Low cost housing in areas considered as slums has been big business for slum landlords. Here is a feature on slum landlords in Kenya that shows how. This post was written and published by David ‘Kyrgitt’ Kiprono:
I met this lady called L. Waithera years ago. She walked into the consultancy office I was working at and she exuded so much power and gait that I believed she could have been a senior government official or a spouse to one.
When she entered the office to see our boss, her driver/bodyguard followed her with a briefcase containing some files. She looked good and smelt good too, I know my scents pretty well.

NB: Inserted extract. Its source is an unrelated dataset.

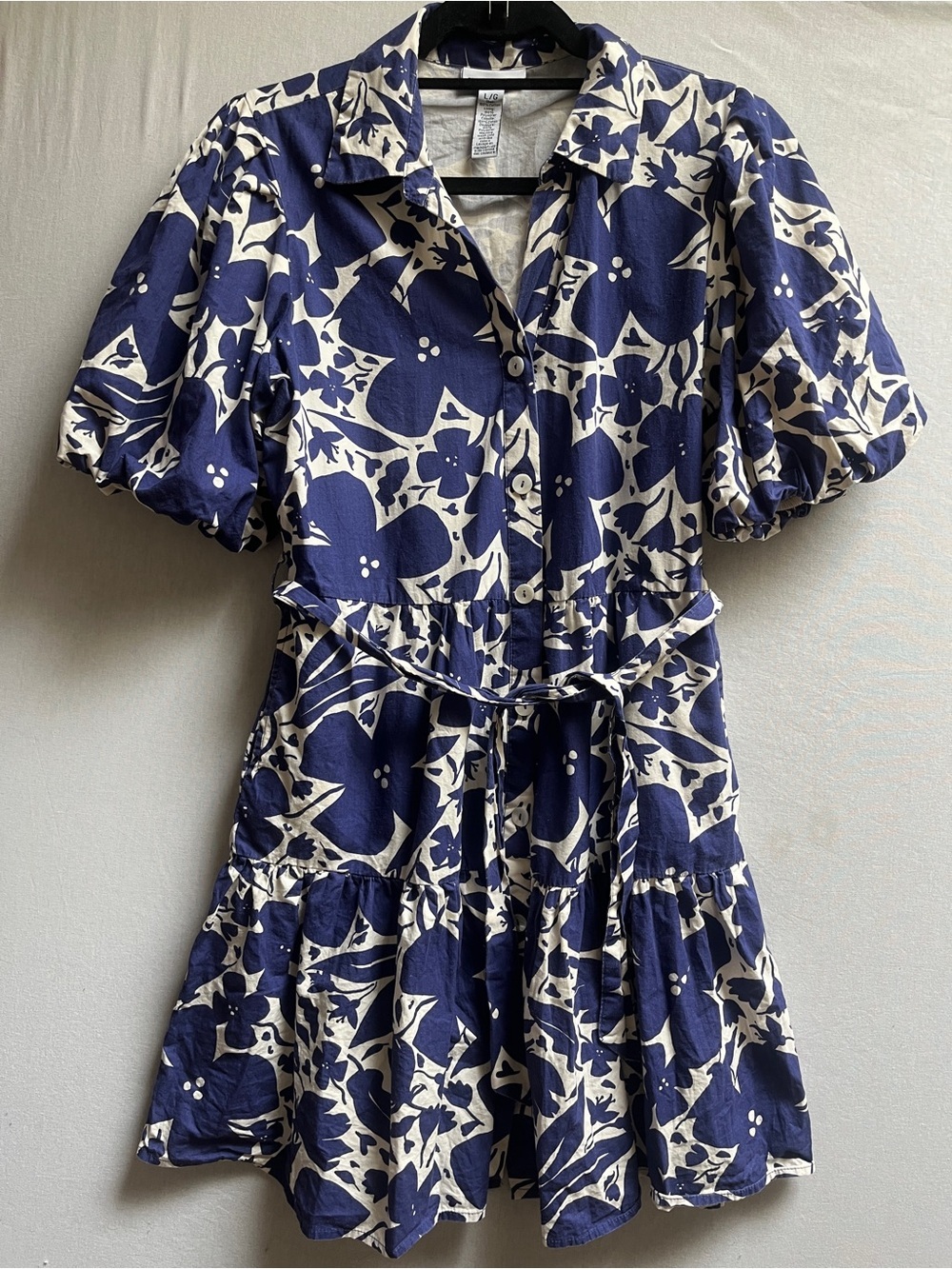 Sincerely Jules Navy & Cream Floral Button-Front Puff Sleeve Dress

We tried figuring out who she was but none of us knew and we couldn’t ask boss who his visitors were.
Few weeks into it, as she came almost twice each week, it wasn’t long before I had a privilege to visit her office with my cameraman because we were doing some corporate portraiture for her for an insert I was working on for a leading business magazine.
Her office was in a swanky building in Westlands. It was actually a hair and beauty spa. That’s the day I believed beauty salons were very lucrative. Either that or she was a type of El Chapo using this as a front.

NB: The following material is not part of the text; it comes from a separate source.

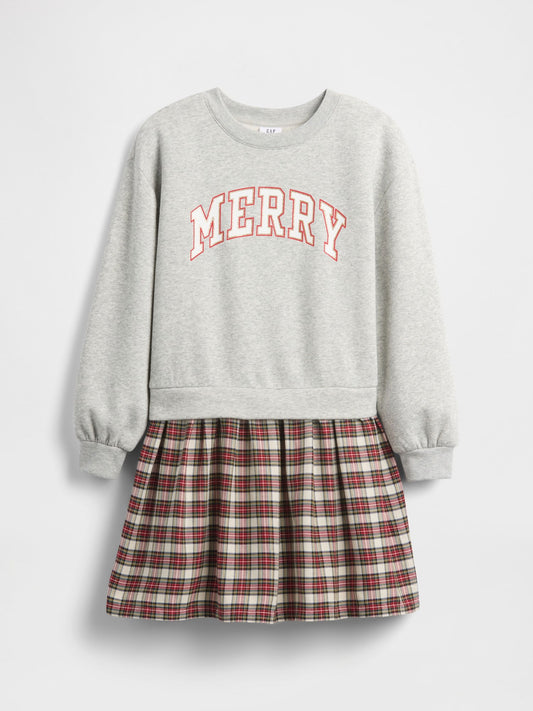 Kırmızı Çocuklar Oversized Payetli Sweatshirt Elbisesi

Though we used her executive door at the back, she had a passage to the salon. Next to her luxurious lounge, was a pristine board room with beautiful portraits of her family. Her husband came in and said ‘Kiprono, madam has been excited about the magazine piece hatujalala wiki mzima.”
He wasn’t dressed for any photos, he was shabby and seemed tired. “Nyinyi endeleeni I’m returning to Murang’a in a few I just dropped by’.
As we set up the shoot, I engaged her secretary in banter and she told me Waithera’s husband only came to Nairobi once a week, he was just a happy farmer who enjoyed golf and the village life.
Once we were done, she engaged me about her digital presence and I set up a separate meeting later that month.
As we talked, I became utterly shell shocked.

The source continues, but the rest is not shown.